Exact copy, no pictures: return only the lines below from the line with "山西公益体彩快乐操场活动温暖十所小学学子成长 山西公益体" up to and including the line with "2090 GOLDEN KINGDOM".
━━ Given entries
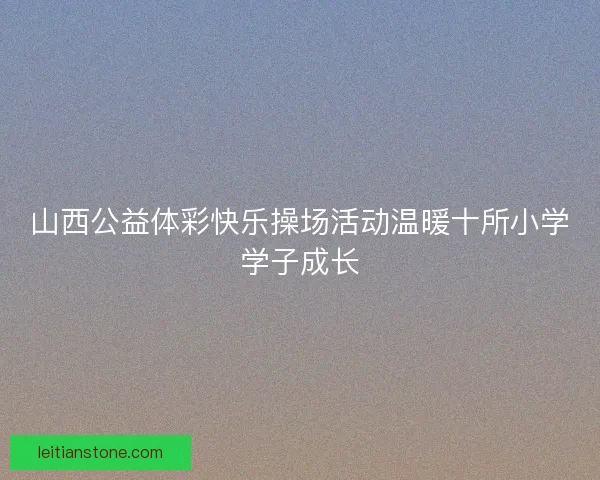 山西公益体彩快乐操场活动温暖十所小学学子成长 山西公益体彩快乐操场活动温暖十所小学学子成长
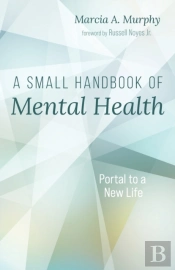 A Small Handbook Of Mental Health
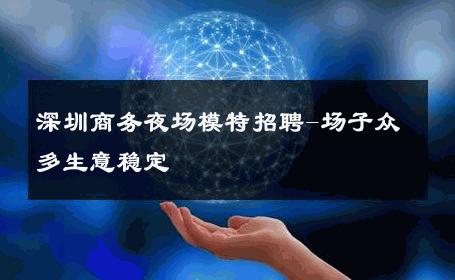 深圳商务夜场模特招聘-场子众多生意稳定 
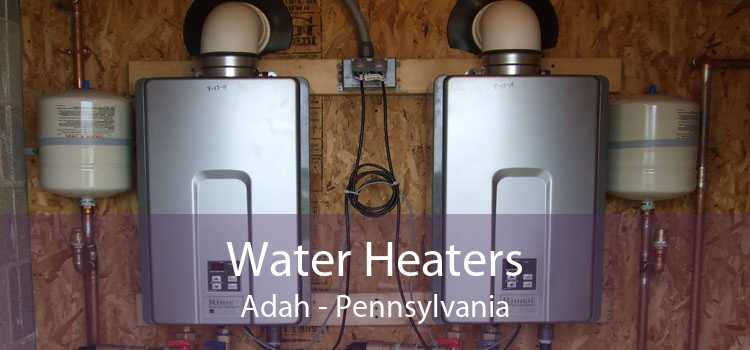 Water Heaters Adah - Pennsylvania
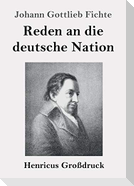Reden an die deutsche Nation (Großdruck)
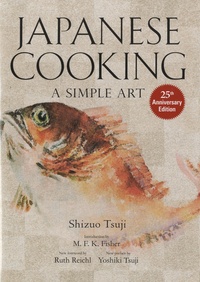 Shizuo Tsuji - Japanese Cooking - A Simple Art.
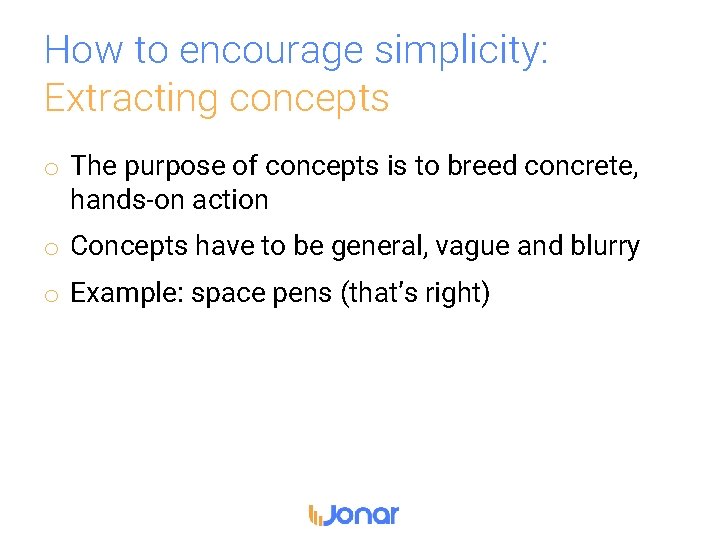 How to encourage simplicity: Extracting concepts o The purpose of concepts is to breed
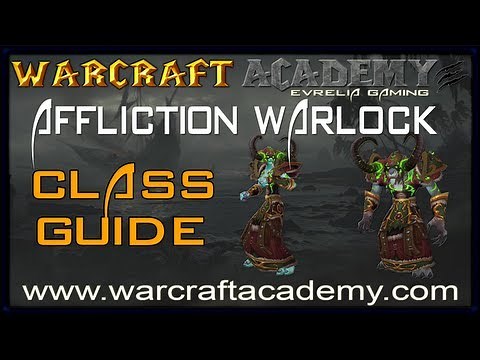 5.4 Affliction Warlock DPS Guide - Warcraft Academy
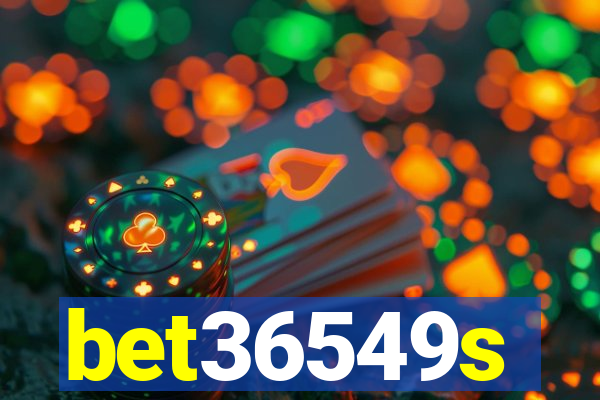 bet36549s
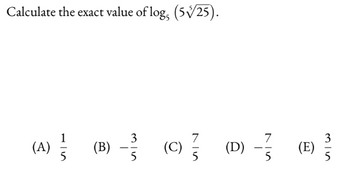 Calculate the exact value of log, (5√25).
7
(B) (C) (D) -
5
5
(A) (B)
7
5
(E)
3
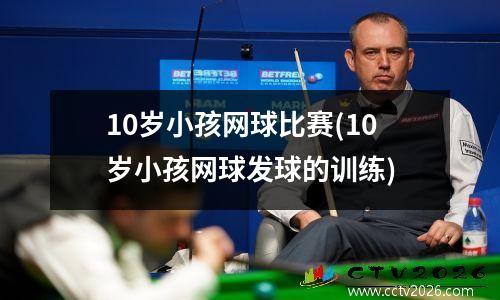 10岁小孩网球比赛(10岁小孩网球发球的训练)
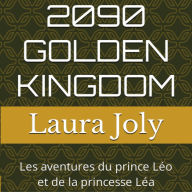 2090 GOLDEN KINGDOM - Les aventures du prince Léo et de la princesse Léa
━━━━
━━ Given entries
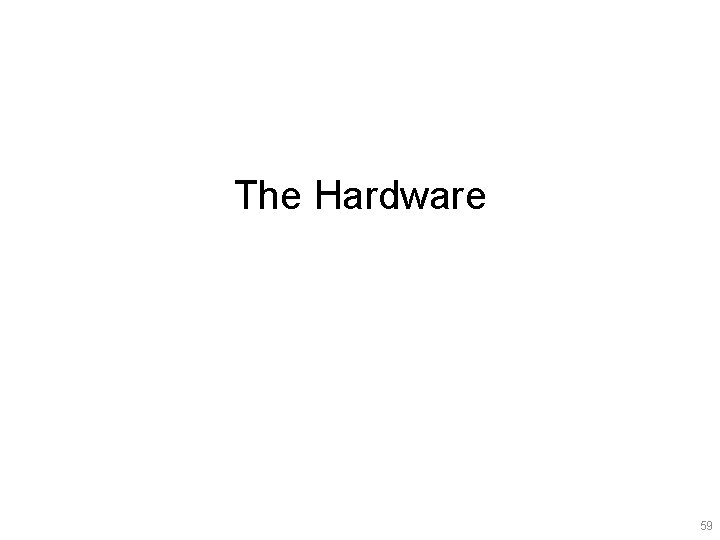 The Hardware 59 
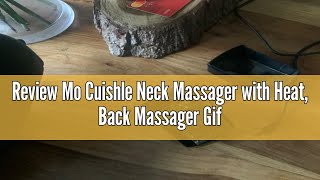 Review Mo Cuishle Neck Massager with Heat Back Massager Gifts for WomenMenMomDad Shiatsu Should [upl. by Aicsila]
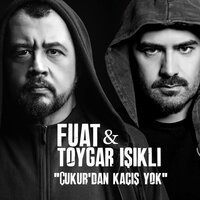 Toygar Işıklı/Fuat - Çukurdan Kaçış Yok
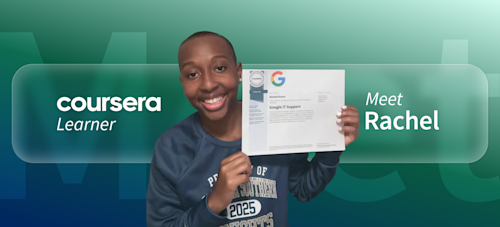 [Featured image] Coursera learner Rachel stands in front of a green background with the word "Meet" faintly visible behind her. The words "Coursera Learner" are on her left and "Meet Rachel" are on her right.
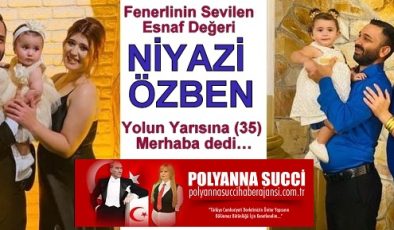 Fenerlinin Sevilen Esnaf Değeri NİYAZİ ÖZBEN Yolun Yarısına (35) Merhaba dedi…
━━━━
━━ Given entries
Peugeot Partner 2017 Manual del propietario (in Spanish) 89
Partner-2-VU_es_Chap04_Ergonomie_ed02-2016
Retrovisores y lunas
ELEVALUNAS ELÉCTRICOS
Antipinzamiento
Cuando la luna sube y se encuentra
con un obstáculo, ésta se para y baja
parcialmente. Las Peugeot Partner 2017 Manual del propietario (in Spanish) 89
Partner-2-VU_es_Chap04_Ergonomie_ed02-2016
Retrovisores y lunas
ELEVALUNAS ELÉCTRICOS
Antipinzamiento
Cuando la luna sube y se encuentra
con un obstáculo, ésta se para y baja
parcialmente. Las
━━━━
→ **Problem solution**
 山西公益体彩快乐操场活动温暖十所小学学子成长 山西公益体彩快乐操场活动温暖十所小学学子成长
 A Small Handbook Of Mental Health
 深圳商务夜场模特招聘-场子众多生意稳定 
 Water Heaters Adah - Pennsylvania
Reden an die deutsche Nation (Großdruck)
 Shizuo Tsuji - Japanese Cooking - A Simple Art.
 How to encourage simplicity: Extracting concepts o The purpose of concepts is to breed
 5.4 Affliction Warlock DPS Guide - Warcraft Academy
 bet36549s
 Calculate the exact value of log, (5√25).
7
(B) (C) (D) -
5
5
(A) (B)
7
5
(E)
3
 10岁小孩网球比赛(10岁小孩网球发球的训练)
 2090 GOLDEN KINGDOM - Les aventures du prince Léo et de la princesse Léa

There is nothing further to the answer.